**What you will do**: Those lines of the material below that fall between its first line and the line with "New construction apartments in Estepona", both included, are to be repeated exactly.

**Data to process**:
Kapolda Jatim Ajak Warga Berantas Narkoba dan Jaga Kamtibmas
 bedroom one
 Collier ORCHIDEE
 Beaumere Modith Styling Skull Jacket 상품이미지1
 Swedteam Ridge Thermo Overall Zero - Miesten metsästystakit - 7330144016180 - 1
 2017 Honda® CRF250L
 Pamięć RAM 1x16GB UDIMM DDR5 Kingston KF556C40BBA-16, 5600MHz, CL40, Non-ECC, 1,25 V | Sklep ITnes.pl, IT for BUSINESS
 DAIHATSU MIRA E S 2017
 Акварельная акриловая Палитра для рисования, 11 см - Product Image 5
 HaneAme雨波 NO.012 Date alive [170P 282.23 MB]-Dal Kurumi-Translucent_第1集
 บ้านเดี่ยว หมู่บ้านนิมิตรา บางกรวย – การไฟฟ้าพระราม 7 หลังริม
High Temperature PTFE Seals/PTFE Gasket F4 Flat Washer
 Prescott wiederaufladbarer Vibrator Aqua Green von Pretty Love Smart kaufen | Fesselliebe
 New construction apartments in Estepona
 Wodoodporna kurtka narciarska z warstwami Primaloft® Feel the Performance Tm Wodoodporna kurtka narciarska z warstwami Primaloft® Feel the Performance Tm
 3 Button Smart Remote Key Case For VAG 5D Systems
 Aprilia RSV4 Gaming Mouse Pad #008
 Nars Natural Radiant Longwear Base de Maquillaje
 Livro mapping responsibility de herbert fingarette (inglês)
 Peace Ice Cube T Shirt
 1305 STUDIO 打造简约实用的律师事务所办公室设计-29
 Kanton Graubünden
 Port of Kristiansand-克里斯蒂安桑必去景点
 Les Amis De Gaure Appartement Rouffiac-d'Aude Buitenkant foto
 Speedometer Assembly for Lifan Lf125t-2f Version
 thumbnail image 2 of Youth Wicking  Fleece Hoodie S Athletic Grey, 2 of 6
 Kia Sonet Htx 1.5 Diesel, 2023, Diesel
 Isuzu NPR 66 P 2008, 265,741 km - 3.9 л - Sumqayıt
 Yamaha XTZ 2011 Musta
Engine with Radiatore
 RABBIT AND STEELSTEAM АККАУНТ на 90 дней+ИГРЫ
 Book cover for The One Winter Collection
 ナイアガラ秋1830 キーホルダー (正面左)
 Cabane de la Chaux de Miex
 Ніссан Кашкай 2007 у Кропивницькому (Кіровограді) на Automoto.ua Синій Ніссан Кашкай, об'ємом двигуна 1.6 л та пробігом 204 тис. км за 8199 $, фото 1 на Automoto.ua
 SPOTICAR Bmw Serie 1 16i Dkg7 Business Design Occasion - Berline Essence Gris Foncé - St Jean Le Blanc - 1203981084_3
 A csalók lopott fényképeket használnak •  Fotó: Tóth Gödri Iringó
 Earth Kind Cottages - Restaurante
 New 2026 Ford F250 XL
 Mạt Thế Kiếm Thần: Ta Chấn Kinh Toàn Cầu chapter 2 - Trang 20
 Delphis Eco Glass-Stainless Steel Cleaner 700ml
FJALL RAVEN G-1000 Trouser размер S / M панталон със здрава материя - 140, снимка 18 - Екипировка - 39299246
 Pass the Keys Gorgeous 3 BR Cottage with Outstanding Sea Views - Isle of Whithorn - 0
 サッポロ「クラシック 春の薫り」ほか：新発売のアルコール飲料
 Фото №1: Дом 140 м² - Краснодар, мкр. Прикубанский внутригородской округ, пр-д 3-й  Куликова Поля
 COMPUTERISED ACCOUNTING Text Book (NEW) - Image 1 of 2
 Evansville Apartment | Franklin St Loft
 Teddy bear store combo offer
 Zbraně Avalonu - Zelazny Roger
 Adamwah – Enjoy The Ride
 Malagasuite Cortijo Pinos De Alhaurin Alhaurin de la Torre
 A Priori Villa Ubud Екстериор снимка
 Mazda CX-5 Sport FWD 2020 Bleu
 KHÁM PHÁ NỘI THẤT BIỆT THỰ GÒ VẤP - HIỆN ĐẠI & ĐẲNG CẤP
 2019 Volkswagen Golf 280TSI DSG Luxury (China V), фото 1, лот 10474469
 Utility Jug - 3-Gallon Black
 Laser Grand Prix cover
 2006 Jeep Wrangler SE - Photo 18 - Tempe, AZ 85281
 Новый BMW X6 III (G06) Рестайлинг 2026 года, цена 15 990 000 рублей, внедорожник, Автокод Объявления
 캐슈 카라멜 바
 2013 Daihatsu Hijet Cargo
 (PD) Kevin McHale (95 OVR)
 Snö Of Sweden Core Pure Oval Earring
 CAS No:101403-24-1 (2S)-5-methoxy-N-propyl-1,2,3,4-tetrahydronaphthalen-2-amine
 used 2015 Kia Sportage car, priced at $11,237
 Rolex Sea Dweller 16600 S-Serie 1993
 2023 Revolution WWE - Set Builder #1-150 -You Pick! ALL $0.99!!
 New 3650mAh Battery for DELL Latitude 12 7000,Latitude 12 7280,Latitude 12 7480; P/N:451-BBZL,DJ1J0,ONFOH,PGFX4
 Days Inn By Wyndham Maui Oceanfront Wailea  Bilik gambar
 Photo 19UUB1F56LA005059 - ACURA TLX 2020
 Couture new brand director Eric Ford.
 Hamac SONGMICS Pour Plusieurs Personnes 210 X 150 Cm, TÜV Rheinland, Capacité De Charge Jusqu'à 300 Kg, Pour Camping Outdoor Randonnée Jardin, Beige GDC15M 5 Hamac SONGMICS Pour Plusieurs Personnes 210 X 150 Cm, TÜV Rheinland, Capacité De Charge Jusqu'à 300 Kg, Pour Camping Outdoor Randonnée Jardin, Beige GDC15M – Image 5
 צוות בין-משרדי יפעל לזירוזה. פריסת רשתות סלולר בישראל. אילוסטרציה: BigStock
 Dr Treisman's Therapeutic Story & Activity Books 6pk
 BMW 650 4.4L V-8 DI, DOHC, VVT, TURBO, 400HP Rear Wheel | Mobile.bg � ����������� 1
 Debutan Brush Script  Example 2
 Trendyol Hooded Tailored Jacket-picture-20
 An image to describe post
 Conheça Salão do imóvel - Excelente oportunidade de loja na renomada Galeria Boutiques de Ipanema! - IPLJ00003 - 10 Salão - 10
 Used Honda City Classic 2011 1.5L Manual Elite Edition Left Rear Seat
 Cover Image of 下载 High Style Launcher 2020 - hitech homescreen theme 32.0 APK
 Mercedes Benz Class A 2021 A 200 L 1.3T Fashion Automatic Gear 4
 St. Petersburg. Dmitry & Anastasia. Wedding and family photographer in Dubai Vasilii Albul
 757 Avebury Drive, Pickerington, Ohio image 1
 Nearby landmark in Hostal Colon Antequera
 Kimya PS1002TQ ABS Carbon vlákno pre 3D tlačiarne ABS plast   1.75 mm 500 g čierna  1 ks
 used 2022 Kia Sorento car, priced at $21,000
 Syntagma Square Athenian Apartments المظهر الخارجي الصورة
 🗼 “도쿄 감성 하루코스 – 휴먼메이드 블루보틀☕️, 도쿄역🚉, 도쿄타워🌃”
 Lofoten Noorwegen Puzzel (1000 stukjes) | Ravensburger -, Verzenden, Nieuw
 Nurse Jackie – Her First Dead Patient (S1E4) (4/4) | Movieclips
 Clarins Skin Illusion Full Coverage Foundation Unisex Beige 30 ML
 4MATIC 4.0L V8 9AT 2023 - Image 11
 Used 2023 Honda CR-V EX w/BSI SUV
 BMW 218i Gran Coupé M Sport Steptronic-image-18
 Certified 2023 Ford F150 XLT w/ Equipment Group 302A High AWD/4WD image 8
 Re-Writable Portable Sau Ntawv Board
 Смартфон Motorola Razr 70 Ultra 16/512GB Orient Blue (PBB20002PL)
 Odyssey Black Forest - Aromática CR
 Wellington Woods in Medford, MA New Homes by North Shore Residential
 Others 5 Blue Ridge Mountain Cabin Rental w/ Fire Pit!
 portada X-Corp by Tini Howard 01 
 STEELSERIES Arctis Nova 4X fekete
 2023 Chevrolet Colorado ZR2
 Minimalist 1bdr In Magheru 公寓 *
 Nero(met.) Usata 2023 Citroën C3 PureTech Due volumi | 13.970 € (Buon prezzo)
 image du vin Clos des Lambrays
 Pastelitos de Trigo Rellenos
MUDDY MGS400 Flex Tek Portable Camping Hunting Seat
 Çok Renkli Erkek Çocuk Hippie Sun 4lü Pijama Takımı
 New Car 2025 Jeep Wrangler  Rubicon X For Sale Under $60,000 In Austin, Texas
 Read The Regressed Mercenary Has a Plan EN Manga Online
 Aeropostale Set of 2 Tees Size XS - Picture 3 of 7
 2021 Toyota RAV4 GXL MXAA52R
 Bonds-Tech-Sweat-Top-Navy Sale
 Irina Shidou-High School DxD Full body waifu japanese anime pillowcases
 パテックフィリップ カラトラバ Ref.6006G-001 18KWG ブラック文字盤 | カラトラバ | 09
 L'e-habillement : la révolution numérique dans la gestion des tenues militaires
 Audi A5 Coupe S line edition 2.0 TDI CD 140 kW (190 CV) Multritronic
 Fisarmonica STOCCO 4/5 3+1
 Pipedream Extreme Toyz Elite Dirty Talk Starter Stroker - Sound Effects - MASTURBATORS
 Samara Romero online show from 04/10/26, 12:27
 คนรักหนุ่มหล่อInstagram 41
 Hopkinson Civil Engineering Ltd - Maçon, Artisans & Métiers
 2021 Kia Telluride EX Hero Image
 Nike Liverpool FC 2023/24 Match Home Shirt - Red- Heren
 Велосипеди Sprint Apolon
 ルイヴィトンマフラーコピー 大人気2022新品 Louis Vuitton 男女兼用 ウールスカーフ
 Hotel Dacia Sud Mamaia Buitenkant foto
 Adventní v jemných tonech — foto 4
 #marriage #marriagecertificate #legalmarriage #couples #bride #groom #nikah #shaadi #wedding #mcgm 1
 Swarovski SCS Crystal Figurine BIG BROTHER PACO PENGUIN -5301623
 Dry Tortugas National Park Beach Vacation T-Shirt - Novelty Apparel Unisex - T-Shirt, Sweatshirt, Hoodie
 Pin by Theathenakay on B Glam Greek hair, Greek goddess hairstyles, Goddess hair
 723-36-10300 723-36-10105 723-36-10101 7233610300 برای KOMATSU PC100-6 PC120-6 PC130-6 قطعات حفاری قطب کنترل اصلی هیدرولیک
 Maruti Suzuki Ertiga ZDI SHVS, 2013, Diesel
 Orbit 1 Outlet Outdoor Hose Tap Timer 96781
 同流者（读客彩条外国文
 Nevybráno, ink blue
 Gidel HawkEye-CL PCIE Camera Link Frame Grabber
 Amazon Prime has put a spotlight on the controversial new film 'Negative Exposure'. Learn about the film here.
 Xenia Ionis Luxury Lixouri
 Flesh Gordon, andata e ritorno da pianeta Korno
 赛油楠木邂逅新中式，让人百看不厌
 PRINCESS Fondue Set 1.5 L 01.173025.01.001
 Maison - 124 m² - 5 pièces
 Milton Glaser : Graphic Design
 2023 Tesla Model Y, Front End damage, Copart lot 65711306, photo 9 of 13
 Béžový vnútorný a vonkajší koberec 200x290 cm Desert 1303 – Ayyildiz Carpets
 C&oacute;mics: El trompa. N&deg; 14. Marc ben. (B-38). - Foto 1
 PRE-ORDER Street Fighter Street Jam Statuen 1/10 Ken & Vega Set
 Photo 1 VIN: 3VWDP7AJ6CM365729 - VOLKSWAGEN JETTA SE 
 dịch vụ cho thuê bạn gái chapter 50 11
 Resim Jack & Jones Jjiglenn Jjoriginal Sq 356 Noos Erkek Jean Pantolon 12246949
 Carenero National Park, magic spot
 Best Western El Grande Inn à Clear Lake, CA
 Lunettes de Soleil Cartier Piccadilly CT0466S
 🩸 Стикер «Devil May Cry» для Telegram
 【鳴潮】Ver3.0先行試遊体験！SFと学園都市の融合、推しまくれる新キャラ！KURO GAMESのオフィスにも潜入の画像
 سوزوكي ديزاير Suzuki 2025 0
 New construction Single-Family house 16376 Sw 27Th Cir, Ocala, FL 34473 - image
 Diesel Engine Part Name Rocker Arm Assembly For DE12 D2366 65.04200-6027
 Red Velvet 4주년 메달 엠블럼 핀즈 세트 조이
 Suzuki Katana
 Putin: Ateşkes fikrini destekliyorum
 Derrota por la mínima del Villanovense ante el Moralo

**Solution to this problem**:
Kapolda Jatim Ajak Warga Berantas Narkoba dan Jaga Kamtibmas
 bedroom one
 Collier ORCHIDEE
 Beaumere Modith Styling Skull Jacket 상품이미지1
 Swedteam Ridge Thermo Overall Zero - Miesten metsästystakit - 7330144016180 - 1
 2017 Honda® CRF250L
 Pamięć RAM 1x16GB UDIMM DDR5 Kingston KF556C40BBA-16, 5600MHz, CL40, Non-ECC, 1,25 V | Sklep ITnes.pl, IT for BUSINESS
 DAIHATSU MIRA E S 2017
 Акварельная акриловая Палитра для рисования, 11 см - Product Image 5
 HaneAme雨波 NO.012 Date alive [170P 282.23 MB]-Dal Kurumi-Translucent_第1集
 บ้านเดี่ยว หมู่บ้านนิมิตรา บางกรวย – การไฟฟ้าพระราม 7 หลังริม
High Temperature PTFE Seals/PTFE Gasket F4 Flat Washer
 Prescott wiederaufladbarer Vibrator Aqua Green von Pretty Love Smart kaufen | Fesselliebe
 New construction apartments in Estepona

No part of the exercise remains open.